--- DATA PROVIDED ---
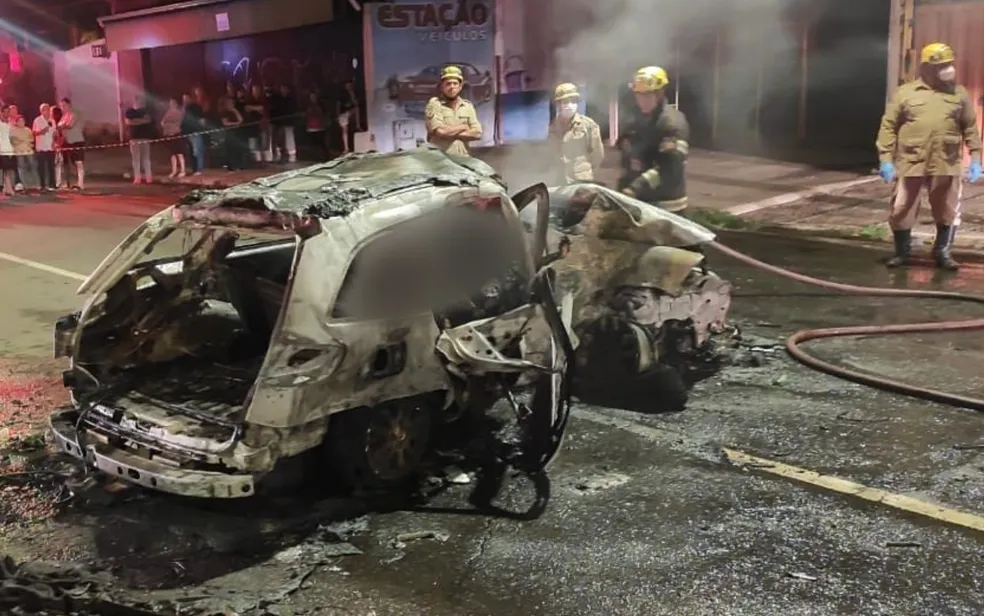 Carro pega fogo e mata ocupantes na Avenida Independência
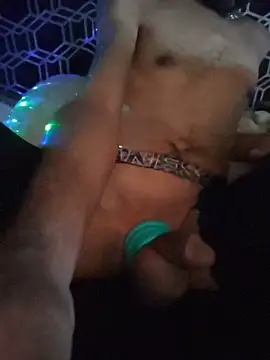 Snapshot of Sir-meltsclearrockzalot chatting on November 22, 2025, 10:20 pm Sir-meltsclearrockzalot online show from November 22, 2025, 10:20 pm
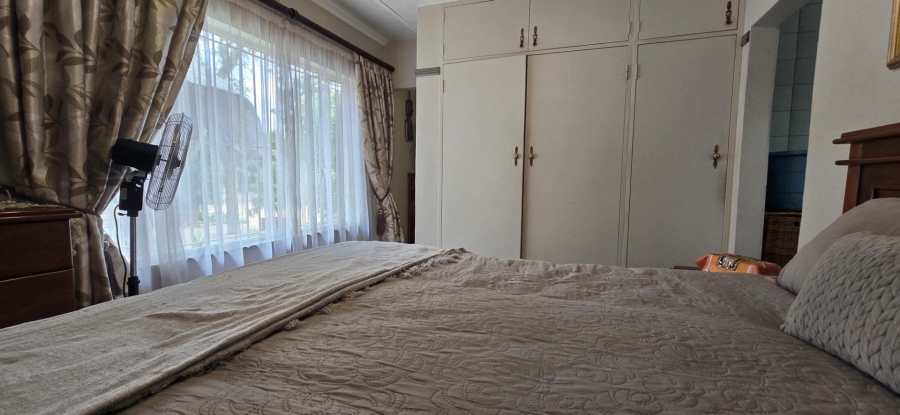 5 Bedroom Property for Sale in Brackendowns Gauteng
---
--- DATA PROVIDED ---
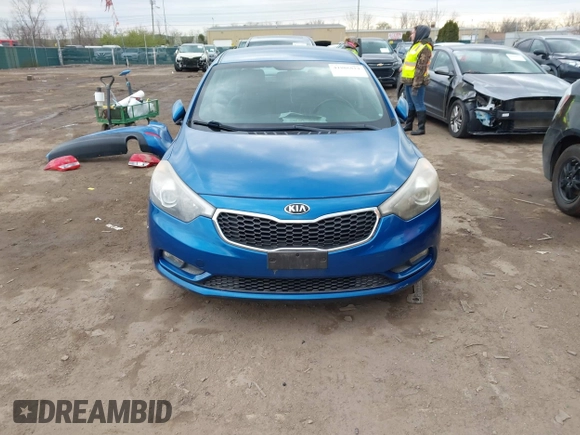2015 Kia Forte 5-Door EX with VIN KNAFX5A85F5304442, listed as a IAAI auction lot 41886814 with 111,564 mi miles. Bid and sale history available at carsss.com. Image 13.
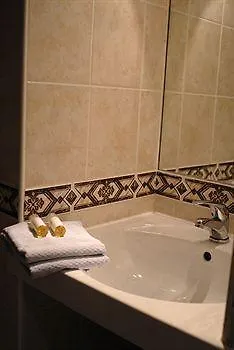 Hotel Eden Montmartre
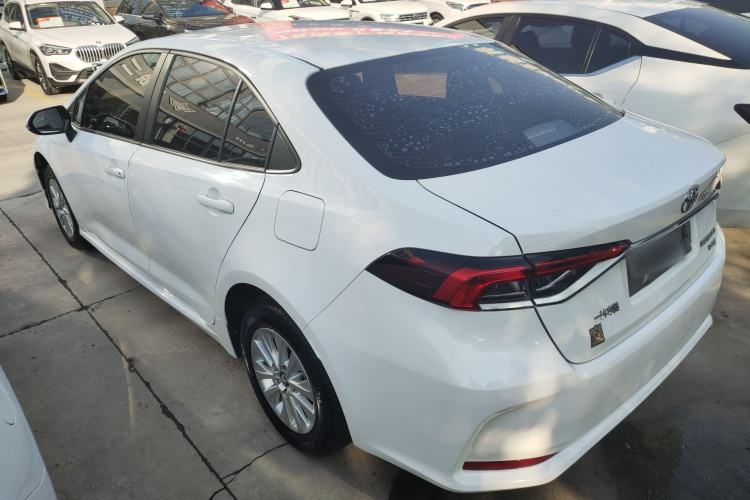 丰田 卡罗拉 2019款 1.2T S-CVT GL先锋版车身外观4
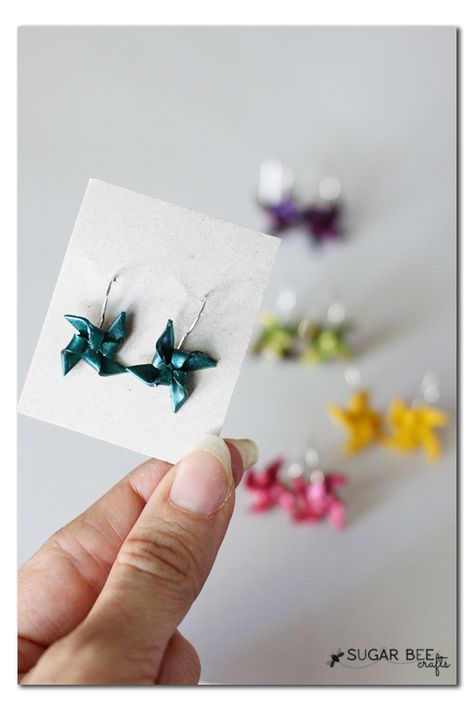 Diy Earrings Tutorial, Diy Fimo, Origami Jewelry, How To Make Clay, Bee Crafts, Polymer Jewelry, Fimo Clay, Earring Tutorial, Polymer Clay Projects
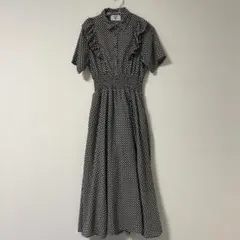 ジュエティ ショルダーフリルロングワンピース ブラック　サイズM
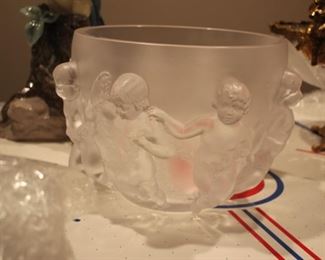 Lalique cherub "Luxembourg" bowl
---
* THE TASK: In the entries above, every line from the line with "Carro pega fogo" to the line with "5 Bedroom Property" is to be printed exactly, with both ends included and pictures excluded.

* EXERCISE SOLUTION:
 Carro pega fogo e mata ocupantes na Avenida Independência
 Snapshot of Sir-meltsclearrockzalot chatting on November 22, 2025, 10:20 pm Sir-meltsclearrockzalot online show from November 22, 2025, 10:20 pm
 5 Bedroom Property for Sale in Brackendowns Gauteng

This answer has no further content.